Boardwalk Empire, Season 5, Episode 4: “Cuanto”
Written by Howard Korder & Cristine Chambers & Terence Winter
Directed by Jake Paltrow
Airs Sundays at 9pm EST on HBO
With “Cuanto” we mark the halfway point of the final season, and its first major death. As fans of Boardwalk will attest, though, the only real surprise was that it took as long as it did. If you were running the numbers in Vegas, or Atlantic City for that matter, the odds would come up quick that there will likely be a lot more to come. If only Arnold Rothstein was still around to roll the dice on that one.
Speaking of Rothstein, his former business partner arrived as the game-changer in last weeks episode, leaving this week to make good. Luckily she does at that. In fact, Margaret emerges as the star of the show in “Cuanto”, and it’s not hard to see why.
Having her and Nucky get drunk together for their first major scene in almost 2 years is a masterstroke of writing. While Nucky is obviously an old hand when it comes to boozing, he has a certain level of vulnerability when it comes to Margaret. This is readily apparent in his switching of tones throughout their scenes together, from calculatingly analytical, to casually opportunistic, to puppy dog sweet.

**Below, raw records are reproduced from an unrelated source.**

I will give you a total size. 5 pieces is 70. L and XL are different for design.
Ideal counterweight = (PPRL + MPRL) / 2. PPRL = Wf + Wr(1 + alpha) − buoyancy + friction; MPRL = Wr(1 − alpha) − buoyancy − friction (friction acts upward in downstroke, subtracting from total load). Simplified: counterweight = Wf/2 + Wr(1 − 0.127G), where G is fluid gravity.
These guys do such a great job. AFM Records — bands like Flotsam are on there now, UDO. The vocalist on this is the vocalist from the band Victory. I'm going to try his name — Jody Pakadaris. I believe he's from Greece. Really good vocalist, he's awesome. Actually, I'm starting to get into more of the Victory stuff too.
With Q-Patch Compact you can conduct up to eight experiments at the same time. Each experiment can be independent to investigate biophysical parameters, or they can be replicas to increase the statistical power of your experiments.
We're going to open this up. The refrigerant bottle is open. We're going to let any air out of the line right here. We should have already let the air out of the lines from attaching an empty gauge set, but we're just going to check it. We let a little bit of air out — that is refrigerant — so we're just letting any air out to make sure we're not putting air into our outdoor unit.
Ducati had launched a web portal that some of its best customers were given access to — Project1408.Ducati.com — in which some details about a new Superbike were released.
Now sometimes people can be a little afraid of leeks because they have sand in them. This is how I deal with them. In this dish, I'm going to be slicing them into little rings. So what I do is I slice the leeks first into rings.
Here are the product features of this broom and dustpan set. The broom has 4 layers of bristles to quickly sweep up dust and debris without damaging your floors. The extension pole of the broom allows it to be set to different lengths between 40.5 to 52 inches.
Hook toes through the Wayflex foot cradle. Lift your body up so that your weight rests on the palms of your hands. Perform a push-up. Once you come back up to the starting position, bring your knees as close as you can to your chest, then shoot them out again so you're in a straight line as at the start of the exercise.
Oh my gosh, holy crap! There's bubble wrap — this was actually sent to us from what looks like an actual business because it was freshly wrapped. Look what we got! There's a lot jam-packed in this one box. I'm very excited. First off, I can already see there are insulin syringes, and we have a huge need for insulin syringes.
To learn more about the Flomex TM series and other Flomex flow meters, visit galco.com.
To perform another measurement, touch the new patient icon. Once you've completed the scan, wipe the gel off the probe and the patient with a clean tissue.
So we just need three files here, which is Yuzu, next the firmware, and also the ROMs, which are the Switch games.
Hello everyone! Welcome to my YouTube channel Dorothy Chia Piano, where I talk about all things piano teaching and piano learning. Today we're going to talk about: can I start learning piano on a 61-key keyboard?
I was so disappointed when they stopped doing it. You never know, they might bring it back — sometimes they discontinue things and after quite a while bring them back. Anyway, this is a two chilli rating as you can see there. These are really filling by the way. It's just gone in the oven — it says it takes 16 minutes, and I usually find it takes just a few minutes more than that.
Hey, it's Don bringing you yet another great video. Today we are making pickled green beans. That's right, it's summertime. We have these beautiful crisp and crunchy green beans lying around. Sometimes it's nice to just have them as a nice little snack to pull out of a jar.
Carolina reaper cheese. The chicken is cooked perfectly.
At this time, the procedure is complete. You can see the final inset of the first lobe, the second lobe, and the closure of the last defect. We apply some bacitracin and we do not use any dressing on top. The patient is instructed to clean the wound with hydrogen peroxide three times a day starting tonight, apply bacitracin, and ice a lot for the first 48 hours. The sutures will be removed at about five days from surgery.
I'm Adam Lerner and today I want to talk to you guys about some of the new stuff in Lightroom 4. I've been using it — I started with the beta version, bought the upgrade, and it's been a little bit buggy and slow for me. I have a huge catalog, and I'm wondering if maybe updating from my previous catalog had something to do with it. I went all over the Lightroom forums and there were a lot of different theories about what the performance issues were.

Margaret is even more fun to watch. With each glass of wine peeling away a layer of her usually proper demeanor, eventually we are left with the truest, and most fun, version of her character that we’ve ever seen. When she’s not busting Nucky’s balls and calling him a bastard, she’s stumbling into a passionate kiss with him. In the end, he gives her the sell like you might expect but not in the way you might expect–instead of trying to pull her strings, he speaks to her like an equal, and when it comes time to take advantage of the situation, he instead sets her up with her own quarters. The chemistry and candor in these scenes give us the most passion we’ve seen from these characters in years, and mark probably the best moments of this season thus far.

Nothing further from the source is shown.